World Bulletin / News Desk
The Indian army has pledged vengeance for three Indian soldiers who were killed near the de-facto border between the Pakistani and Indian-held sides of divided Kashmir on Tuesday.
A tweet from the Indian army said one of the bodies had been mutilated and promised the "retribution will be heavy," though an official in the army spokesman's office would not specify whether the soldiers were killed by militants or Pakistani forces.
Last month, another Indian soldier was killed and beheaded in the same area and the attackers escaped unhurt.
Hostilities between arch-rivals India and Pakistan have increased since India accused Pakistan of links to gunmen who killed 19 soldiers in Indian-held Kashmir (IHK) in September.

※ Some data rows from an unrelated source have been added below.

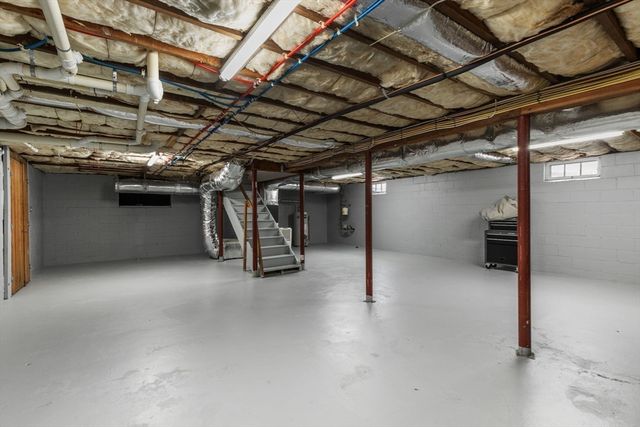 48 Bayview Cir, Barnstable, MA 02655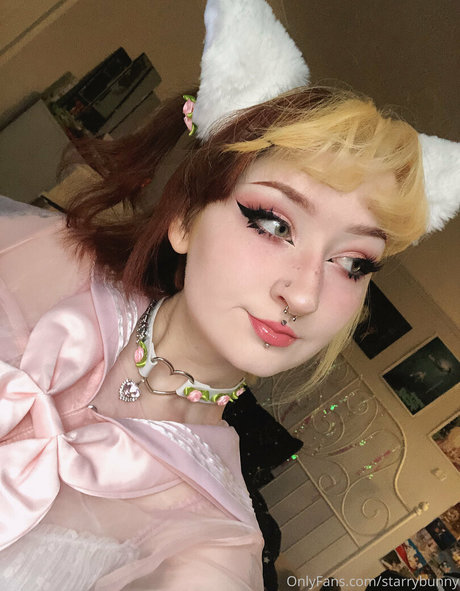 Starryfawnn model high quality img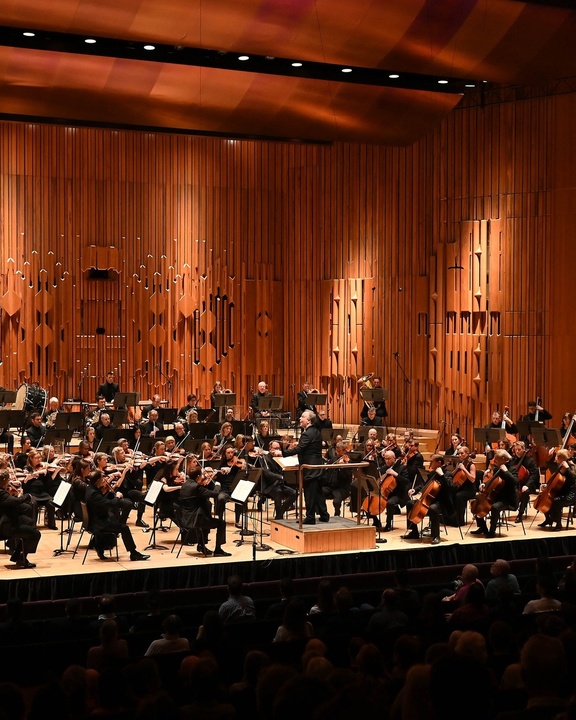 El director Sakari Oramo, al frente de la orquesta de la BBC, en una imagen de archivo.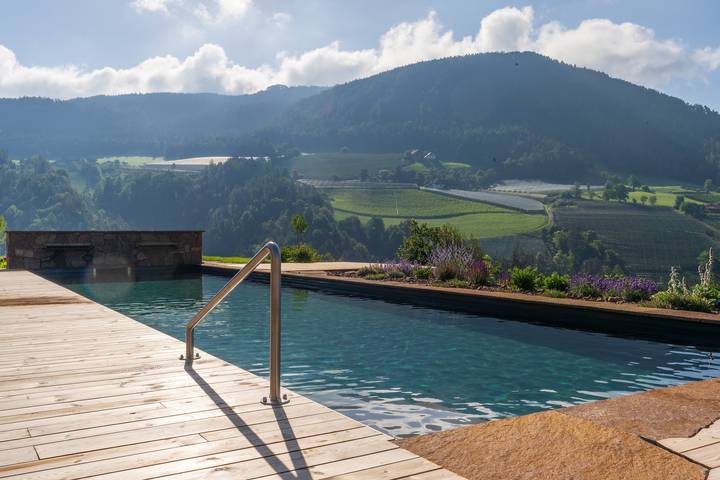 Entire apartment, Apartment "Spornberg Mountain Living Ostberg" with Mountain View in Ritten, Sarntal Alps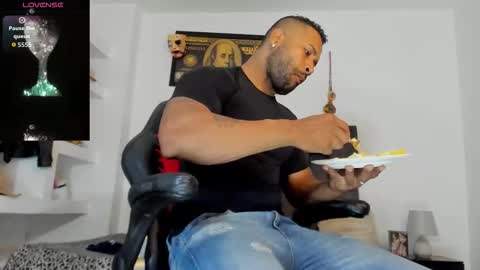 matt rodriguez92 online show from October 25, 11:56 am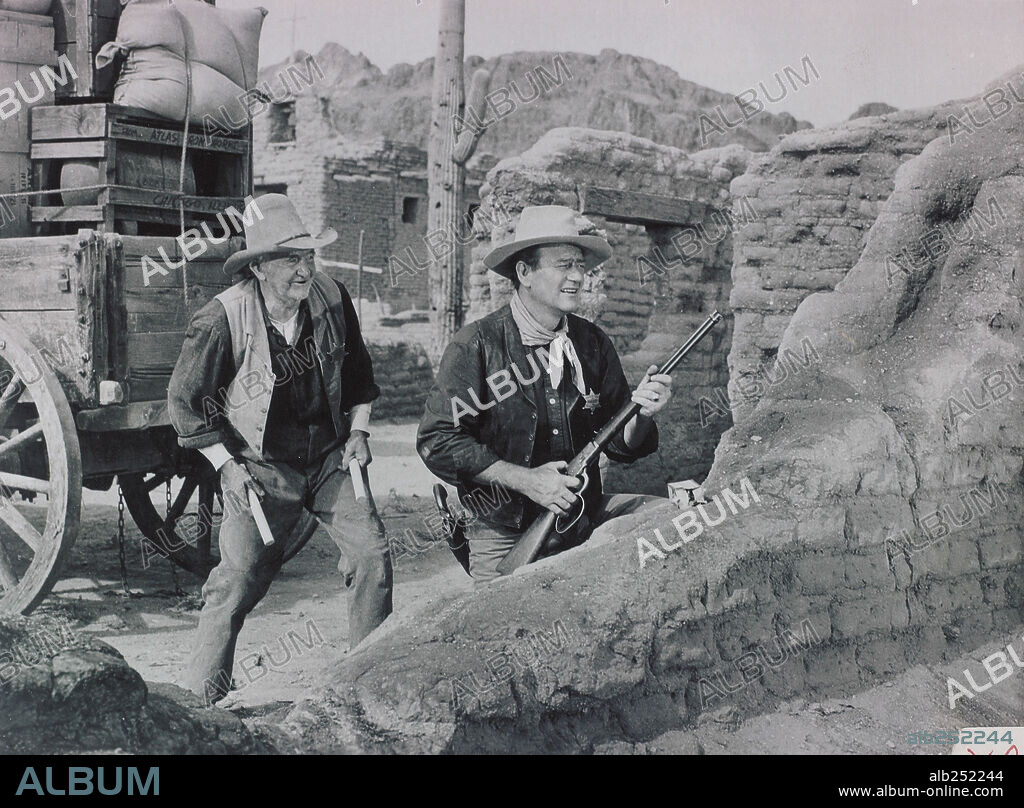 JOHN WAYNE y WALTER BRENNAN en RIO BRAVO, 1959, dirigida por HOWARD HAWKS. Copyright WARNER BROTHERS.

Pakistan has denied the charge while itself accusing India of repressing pro-independence protests that started in the disputed Himalayan region in July, since when more than 100 Kashmiri civilians have been shot dead by Indian forces and thousands injured.
According to Pakistan's State Disaster Management Authority (SDMA), at least 34 Pakistanis, including 10 soldiers, have been killed in clashes along the boundary with India since October, while 12 Indian civilians and 15 soldiers have been killed during the same period of escalated tensions, according to Indian media.
Meanwhile, in a separate gunbattle with the Indian Army, two militants were killed in north Kashmir’s Bandipore area earlier on Tuesday.
Kashmir, a Muslim-majority Himalayan region, is held by India and Pakistan in parts and claimed by both in full.
The two countries have fought three wars – in 1948, 1965 and 1971 – since they were partitioned in 1947, two of which were fought over Kashmir.
Since 1989, Kashmiri resistance groups in IHK have been fighting against Indian rule for independence, or for unification with neighboring Pakistan.
More than 70,000 people have reportedly been killed in the conflict so far, most of them by the Indian Armed forces. India maintains more than half a million troops in the disputed region.